KLHK Himbau Masyarakat Waspadai Kenaikan Jumlah Hotspot

Advertorial | Kamis, 12 September 2019 - 16:01 WIB

KLHK Himbau Masyarakat Waspadai Kenaikan Jumlah Hotspot

JAKARTA (RIAUPOS.CO) - Pantauan data Sipongi sejak Bulan Juli - September 2019 (data akhir per 12 September 2019 Pukul 06.00 WIB dari satelit Terra/Aqua) hotspot di sembilan provinsi, yaitu Riau, Jambi, Sumatera Selatan, Kalimantan Barat, Kalimantan Tengah, Kalimantan Selatan, Kalimantan Timur, Kalimantan Utara, dan Papua terpantau cenderung terus meningkat. Penurunan hotspot terpantau hanya terjadi di Sumatera Utara.

Akibat meningkatnya hotspot tersebut, KLHK menghimbau masyarakat yang tinggal di Pulau Sumatera dan Kalimantan untuk waspada kabut asap yang dapat menggangu kesehatan dan keselamatan dalam aktivitas harian.
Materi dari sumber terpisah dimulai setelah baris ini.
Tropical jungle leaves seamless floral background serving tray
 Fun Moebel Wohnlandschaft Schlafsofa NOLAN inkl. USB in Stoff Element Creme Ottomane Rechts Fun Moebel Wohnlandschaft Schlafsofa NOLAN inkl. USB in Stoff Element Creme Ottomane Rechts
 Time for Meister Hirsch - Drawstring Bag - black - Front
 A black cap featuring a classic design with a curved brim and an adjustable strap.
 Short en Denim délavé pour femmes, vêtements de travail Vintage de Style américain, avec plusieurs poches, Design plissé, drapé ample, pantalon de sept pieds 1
KLHK melalui Manggala Agni yang bekerjasama dengan Satgas Karhutla terus melakukan upaya terbaik untuk memadamkan karhutla di seluruh wilayah Indonesia.

Berdasarkan data monitoring kualitas udara dan cuaca penerbangan yang diolah berdasarkan data Ditjen Pengendalian Pengelolaan Kerusakan Lingkungan KLHK dan BMKG, Kualitas Udara (PM10(?g/m³)) per tanggal 11 September 2019 jam 15.00 WIB, terpantau kualitas udara di Medan, Jambi, Palembang, Pontianak, dan Banjarmasin dalam kondisi sedang. Sedangkan untuk Pekanbaru dan Palangkaraya terpantau kualitas udaranya tidak sehat.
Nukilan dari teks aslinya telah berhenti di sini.